Farmers’ markets are a great source for all produce, including meat for the freezer, and you can’t get more local than our lovely Boathouse Farm.
Get used to shopping daily for other fresh food, which means that if you are a commuter, you might have to develop another career (over time).

Food used to be 30% of a household’s budget. It’s now 8%. So now we get food-related illnesses. If budget is an issue for you, eat further down the food chain: eat less meat and dairy and more affordable organic pulses and vegetables in season. Lewes shops are rife with low-impact, high-joy foods such as olives and oysters and cucumbers and cabbages, beer and blueberries, mince and mint, carrots and carrot cake, potatoes, tomatoes, basil, carrots. Enjoy.

Friday 1 June 2007

Gut reaction against Tesco

Over supper the other night our family were discussing what it would take to make Tesco disappear. Smuggling rats in by empty cereal packets was one option the children came up with. We talk about Tesco rather a lot, as the great ugly monster of our own making.
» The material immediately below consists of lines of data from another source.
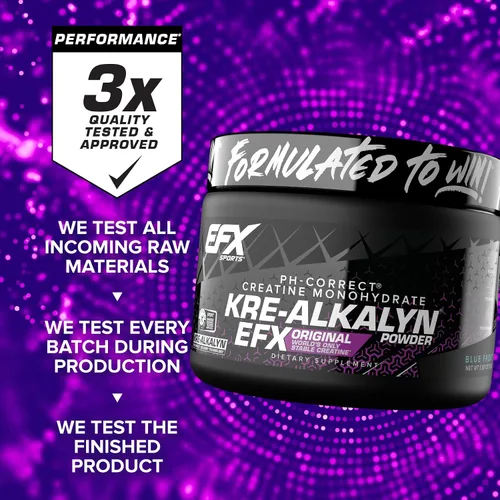 Vista 5 de EFX Sports Kre-Alkalyn EFX Powder Suplemento en polvo de monohidrato de creatina pH correcto Fuerza, crecimiento muscular y rendimiento 55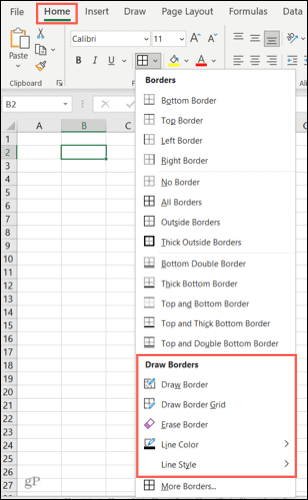Επιλογές περιγράμματος στο Excel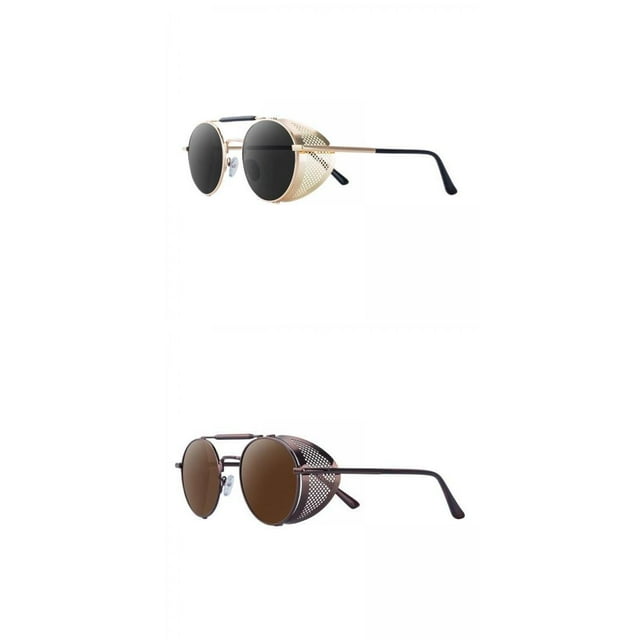 Steampunk SunglasseRetro Round Steampunk Sunglasses ,Vintage Gothic Circle Eyewear Women Men,UV400 Protection Glasses Metal ,Side Steampunk Sunglasses Coffee Baoblaze Gafas de sol Steampunk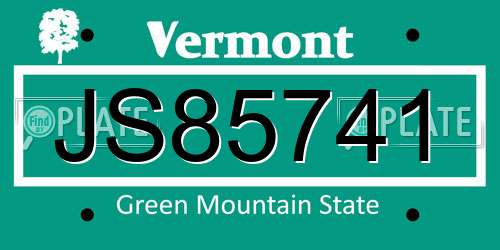 JS85741 Vermont License Plate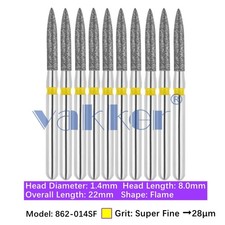 10 piezas Dental 862-014SF Grano Super Fino FG Diamond Bur Empuñadura de Fricción Forma de Llama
According to Tescopoly, the supermarket now controls 30% of the grocery market and made £2.5 billion profits in 2007. Colin Brent’s description of pre-Tesco (pre-oil) Lewes as a vibrant, robust local economy with a huge diversity of crafts, skills and community shops and enterprises still haunts me. I’m deeply upset when I think of the financial choices we have made to gradually erode away the resilience of our local economy and our
natural resources such as topsoil and clean water.

We can blame corporate agriculture and retailers but, essentially, it is we who have chosen through our purses to give away our power. Our family stopped shopping in supermarkets a while ago, mainly using them occasionally as after-hours convenience stores. We tend to eat further down the food chain now, which helps make supermarket liberation affordable. And hey, we eat so well from local shops. There’s a wealth of fantastic food to be had here in Lewes - staples and luxuries too. Humanity has created Tesco so we can uncreate Tesco, and the first place to start is in our mind, just imagining life without Tesco (and Waitrose for that matter). Look at the excuses, one by one. Do they really stand up? What is your gut feeling?